--- Task directions ---
An exact copy of every record below is needed, with the pictures left out.

________

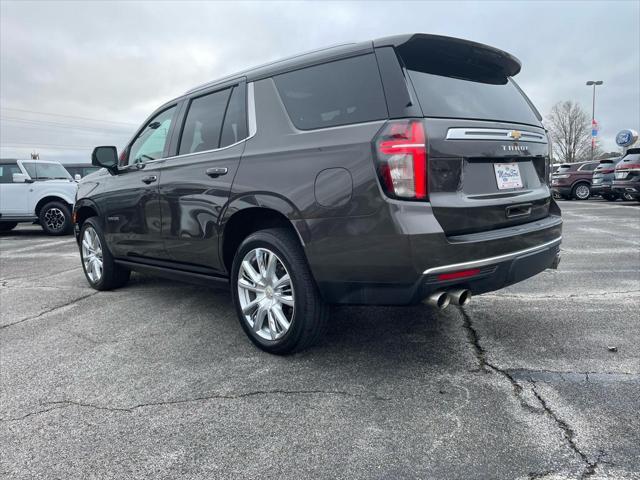 used 2021 Chevrolet Tahoe car, priced at $58,999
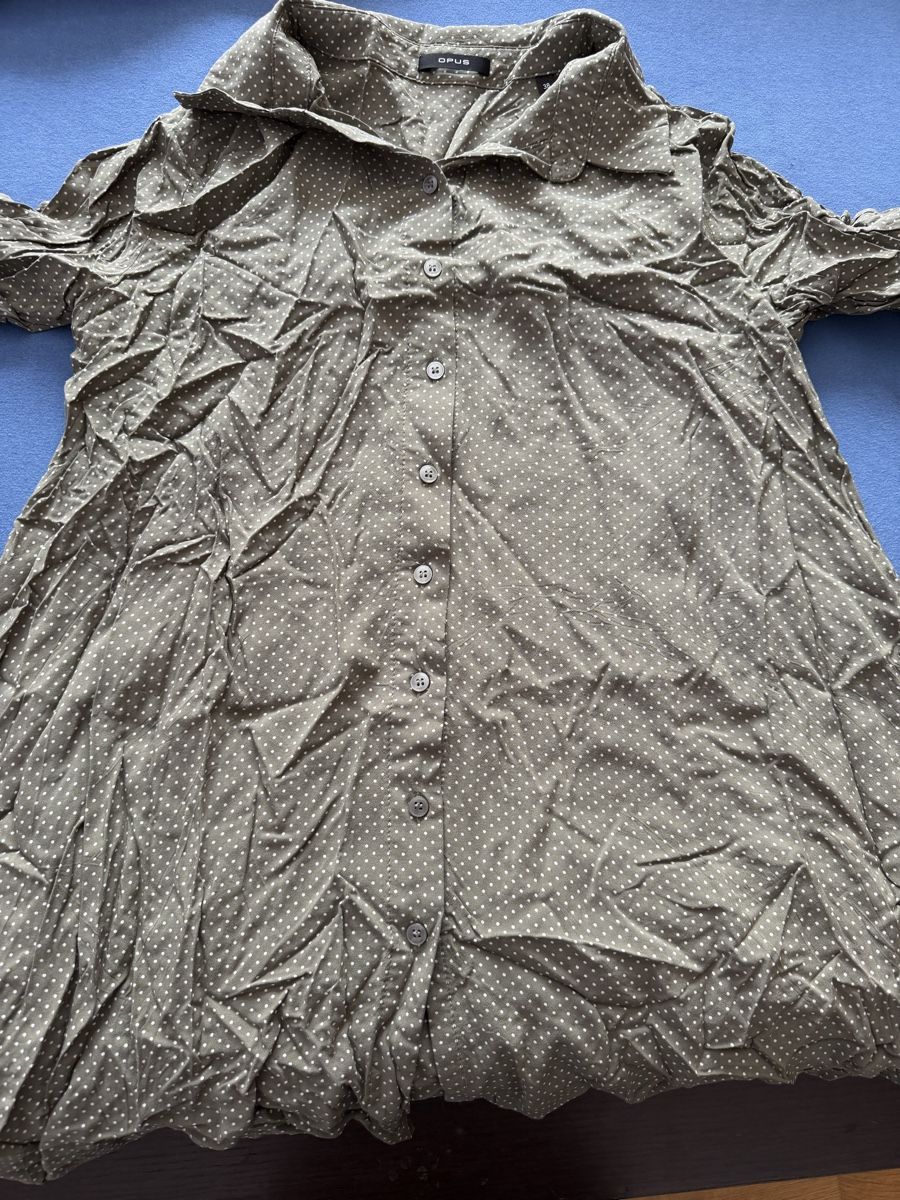 Opus Camicette: Opus Bluse Grösse 38 neuwertig – Nuovo (secondo la descrizione) da Recherswil venduto da luca_v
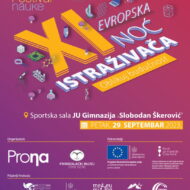 Evropska Noc Istrazivaca 2023 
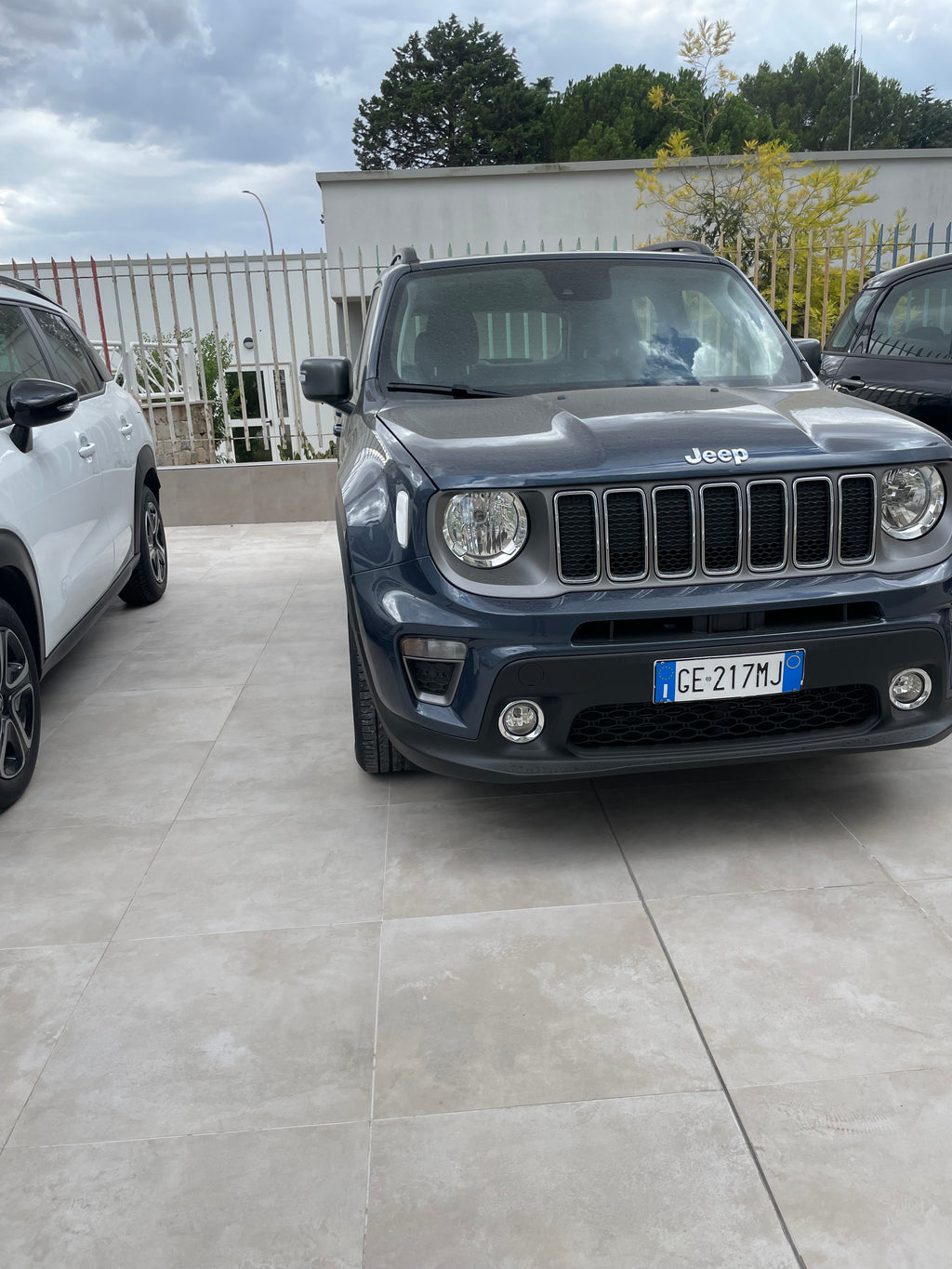 Jeep Renegade 1.6 Multijet 130cv Limited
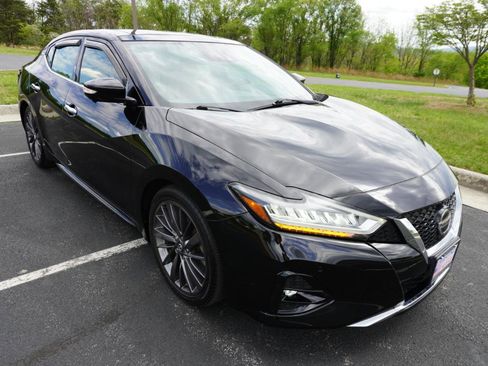 Used 2019 Nissan Maxima Platinum w/ Reserve Package image 3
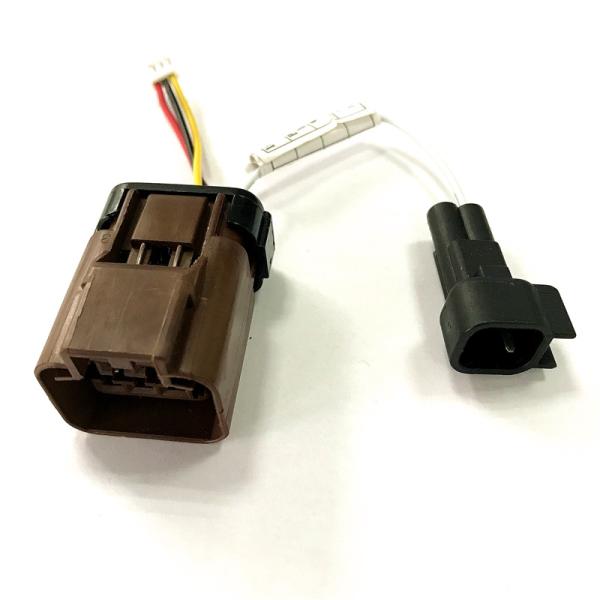 Gt150 15326856 Automotive Wiring Harness Assembly 14Pin 12V 24V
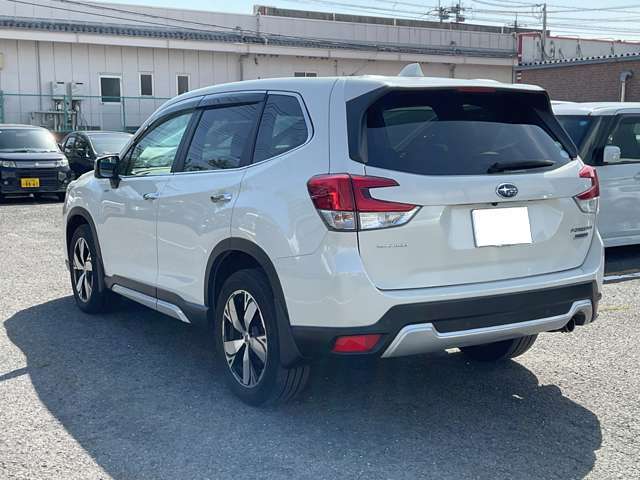 Subaru Forester 8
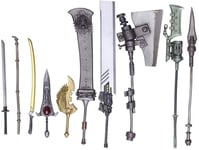 NieR Automata - Bring Arts (Trading Weapon Collection Box (10pcs)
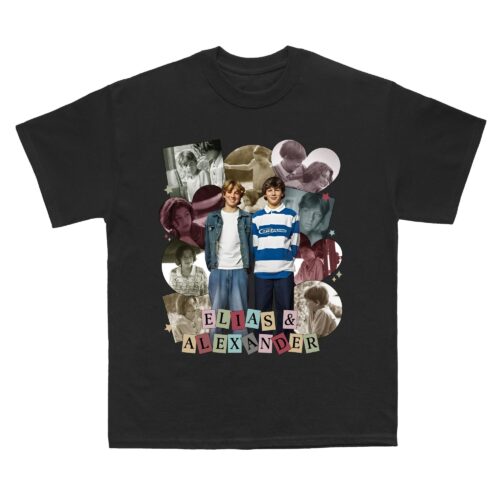 Young Hearts Alexander and Elias Shirt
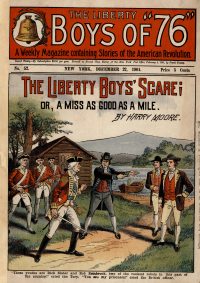 Large Thumbnail For The Liberty Boys of 76 52 - The Liberty Boys' Scare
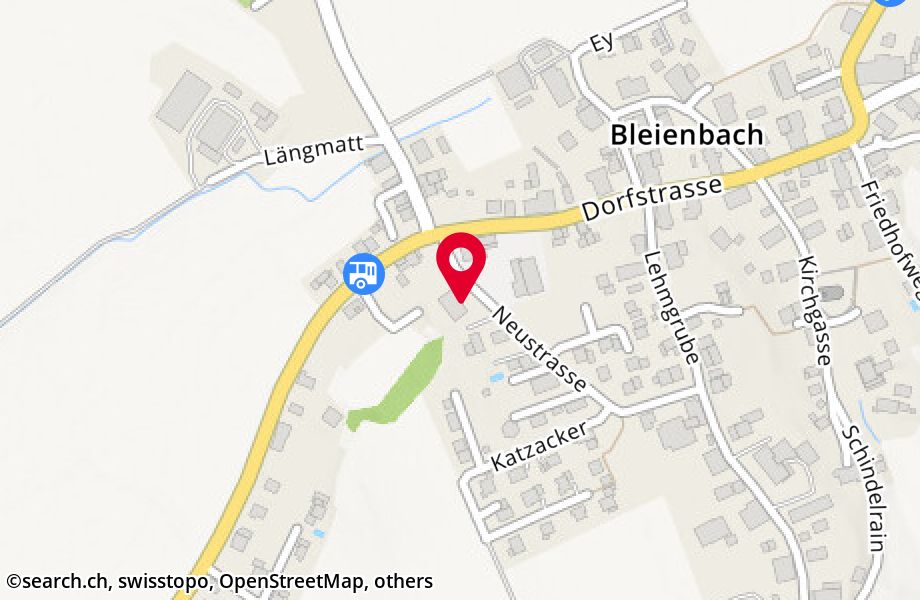 Neustrasse 4, 3368 Bleienbach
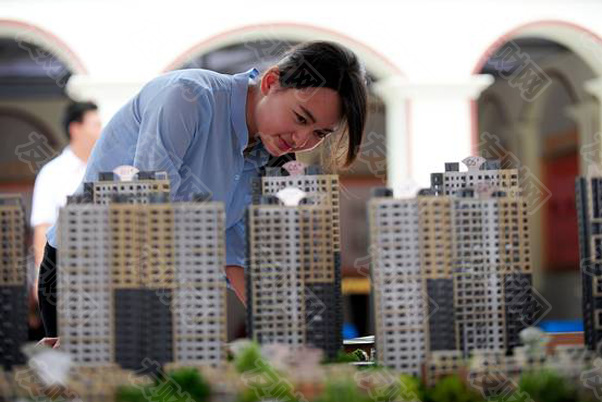 中国房地产市场暴露出日益扩大的区域经济差距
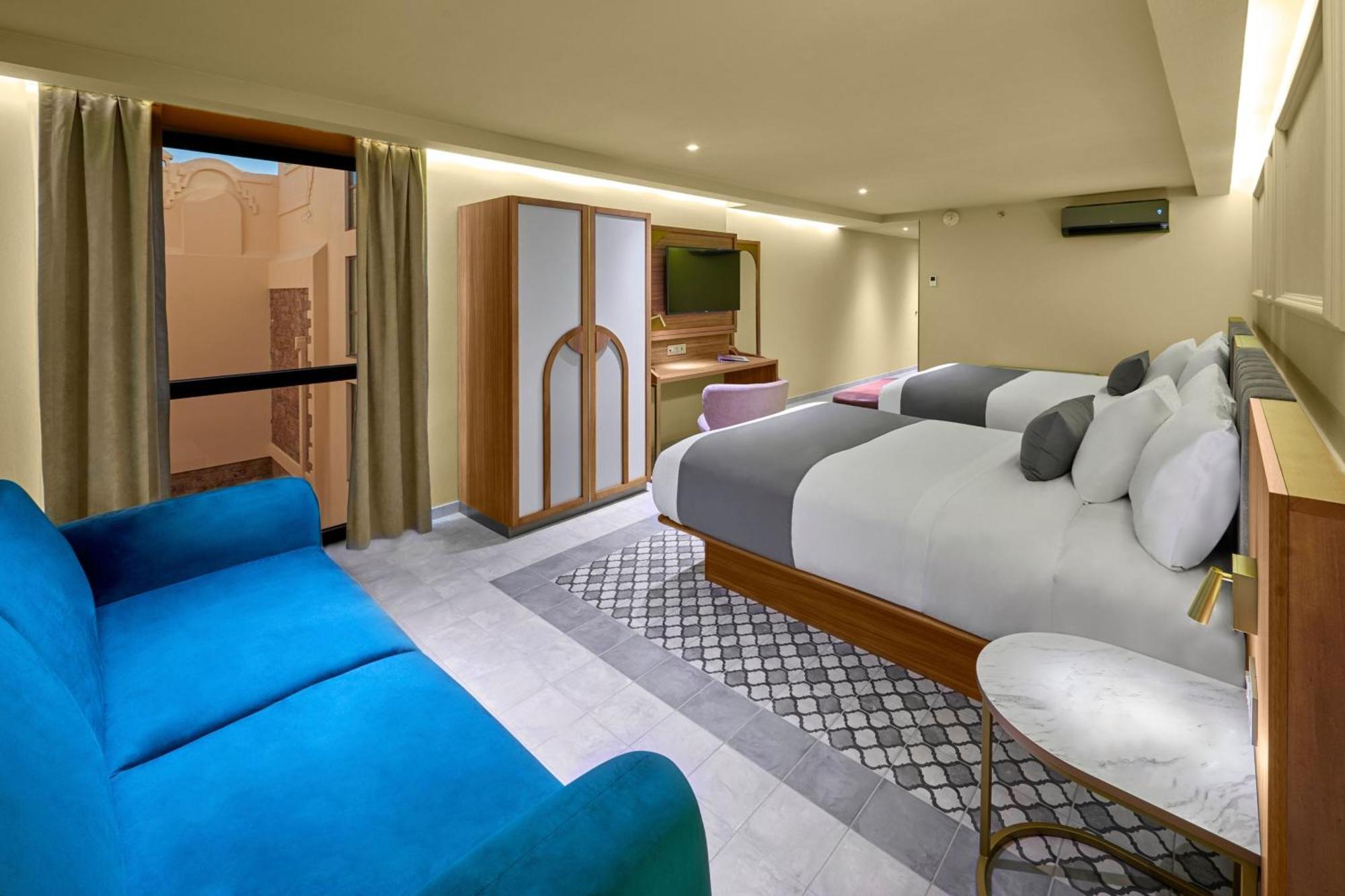 City Centro By Marriott San Luis Potosí Zewnętrze zdjęcie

________

--- Exercise result ---
 used 2021 Chevrolet Tahoe car, priced at $58,999
 Opus Camicette: Opus Bluse Grösse 38 neuwertig – Nuovo (secondo la descrizione) da Recherswil venduto da luca_v
 Evropska Noc Istrazivaca 2023 
 Jeep Renegade 1.6 Multijet 130cv Limited
 Used 2019 Nissan Maxima Platinum w/ Reserve Package image 3
 Gt150 15326856 Automotive Wiring Harness Assembly 14Pin 12V 24V
 Subaru Forester 8
 NieR Automata - Bring Arts (Trading Weapon Collection Box (10pcs)
 Young Hearts Alexander and Elias Shirt
 Large Thumbnail For The Liberty Boys of 76 52 - The Liberty Boys' Scare
 Neustrasse 4, 3368 Bleienbach
 中国房地产市场暴露出日益扩大的区域经济差距
 City Centro By Marriott San Luis Potosí Zewnętrze zdjęcie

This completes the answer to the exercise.